Calor sofocante. Catalina

Calor. Catalina

Hoy me he puesto a escribir para poner en orden mis pensamientos, y me he dado cuenta de cuánto ha cambiado mi vida en estos últimos años. Apenas puedo creer lo que hemos vivido Olegario y yo desde aquel primer encuentro en Salamanca: nuestro camino, aunque precavido y sereno, nos ha traído hasta aquí. Nuestro amor, tejido con cuidado, a veces más frágil de lo que quisiéramos admitir, fue la recompensa que aguardaba tras muchas cicatrices. Teníamos miedo, claro, de confiar del todo en algo nuevo, tras haber comprobado lo traicioneros que pueden ser los sentimientos y lo incierto del amor.

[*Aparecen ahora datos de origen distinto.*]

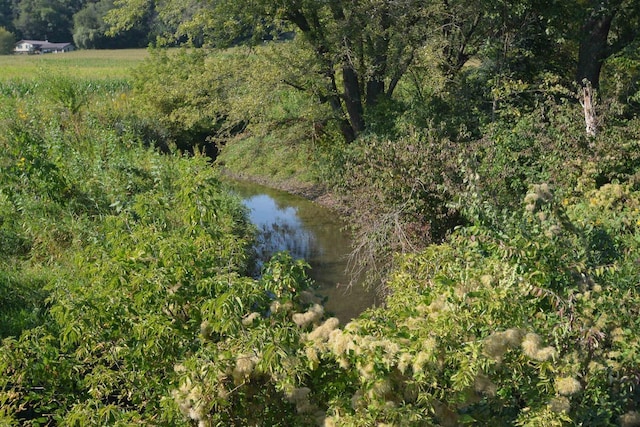 view of water feature featuring a view of trees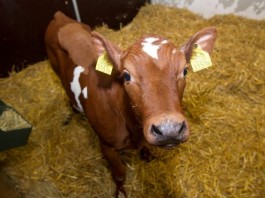 трансгенный теленок Юуни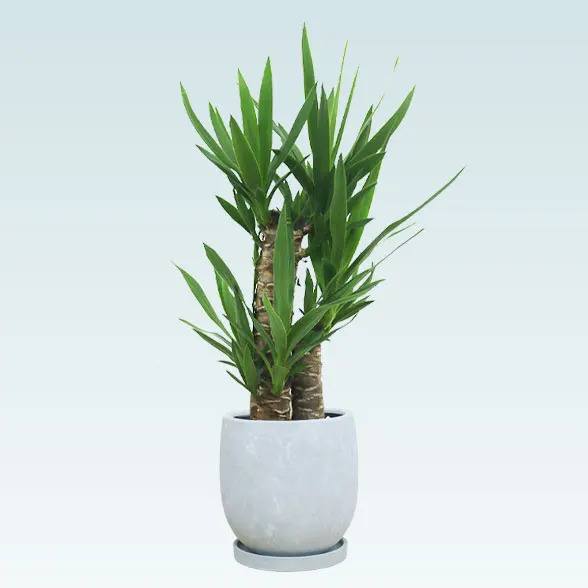 ユッカ(陶器鉢　ボウル型)4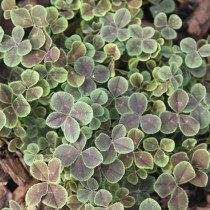 Клевер ползучий «Purpurascens Quadrifolium» Клевер ползучий «Purpurascens Quadrifolium»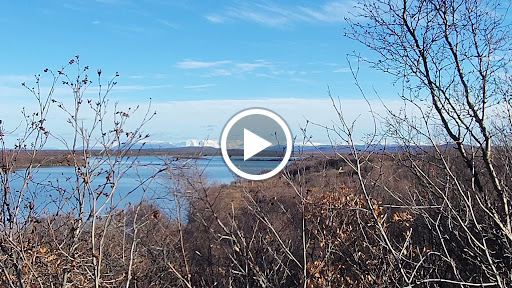 National Park «Katmai National Park and Preserve», reviews and photos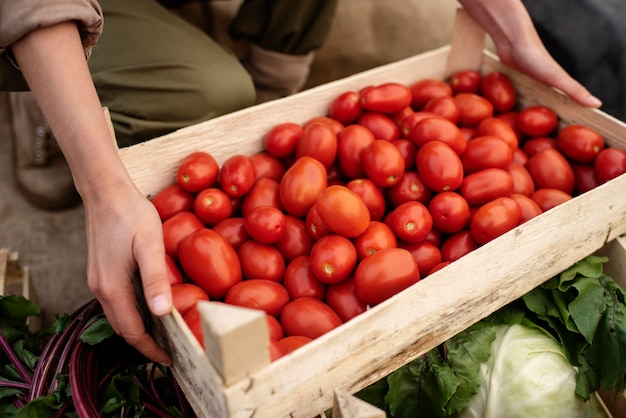 Close up on delicious organic tomatoes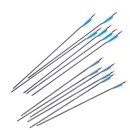 Complete Arrow BLACK STAR Premium - up to 32 inches -...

La madre de Olegario, doña Ana María, se mantuvo en silencio aquellos primeros meses, observando de lejos, temerosa de espantar la alegría recién hallada de su hijo; un cambio tan evidente que hasta los vecinos del barrio de Chamberí comentaban cómo el brillo en su mirada regresaba y su porte se enderezaba cada vez que planeaba una cita conmigo.

Presentarme a doña Ana María fue una de las primeras cosas que hizo Olegario y, aunque la mujer era cautelosa al principio, esforzándose en buscar en mí rastros de antiguas historias dolorosas, pronto encontró mi convencimiento: yo no era ni sería nunca como Angélica. Y, fiel a mi manera, cuando sus insinuaciones sobre mudarme a su casa aparecieron, fui tajante:

No, Olegario. No debe ser así le dije. A doña Mercedes, la señora con la que vivía entonces, le debo mucho. Es buena, y además está enferma. Me necesita. Más adelante, cuando tenga sentido.

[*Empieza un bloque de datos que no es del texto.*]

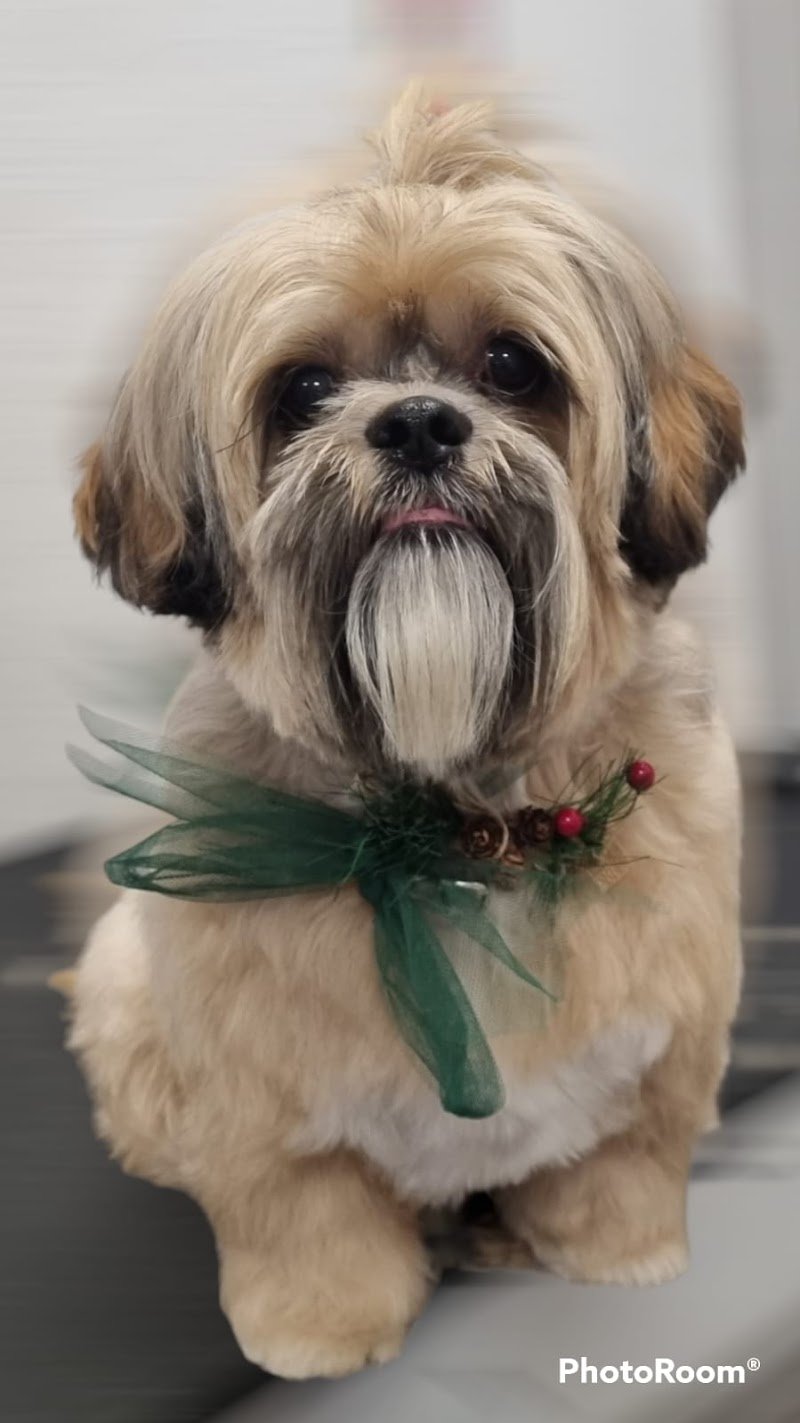 MilleBolleBau - Foto 6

Olegario lo aceptó. Nuestra relación continuó, marcada por largos paseos por la ribera del Tormes y por la tranquila seguridad de conocernos cada día un poco más.

Casi me había acostumbrado a ese ir y venir hasta que, poco antes de nuestra boda, la vida nos golpeó de frente: doña Mercedes se apagó en silencio. Había luchado mucho tiempo con problemas de corazón; intenté que descansara de las tareas domésticas, la llevé de consulta en consulta, pero solo logramos ganar unos meses más. Cuando la encontré sentada en su jardín, la carta de su nieto doblada entre los dedos, supe de inmediato que algo estaba mal. Sólo entonces entendí el profundo hueco que iba a dejar.

Llamé a Olegario y a los hijos de doña Mercedes, lloré larga y tendidamente sentada en ese jardín, recordando las noches de charla, los paseos al atardecer por el parque de la Alamedilla, las canciones junto al fuego de su chimenea. Ella me acogió cuando más lo necesitaba, abriéndome la puerta sin preguntas, sin fisgoneos. Le susurré un gracias tantas veces que perdí la cuenta.

Al día siguiente, llegaron los hijos de doña Mercedes. El mayor se acercó con tono serio pero cordial:

Mi madre quería que una parte de esta casa fuera tuya. Nadie de la familia planea volver y ella te quería aquí, cuidando de esto. Hay testamento, y mi hermano y yo estamos de acuerdo. Gracias a ti, mi madre nunca estuvo sola.

No puedo aceptarlo les contesté. La casa es vuestra; yo la cuidaré mientras, pero la herencia debe quedar en familia. Era vuestra madre.

Así quedó todo. Me encargué de buscar unos inquilinos confiables y mantuve la relación con los hijos de doña Mercedes, quienes venían con sus familias a pasar los veranos en el pueblo.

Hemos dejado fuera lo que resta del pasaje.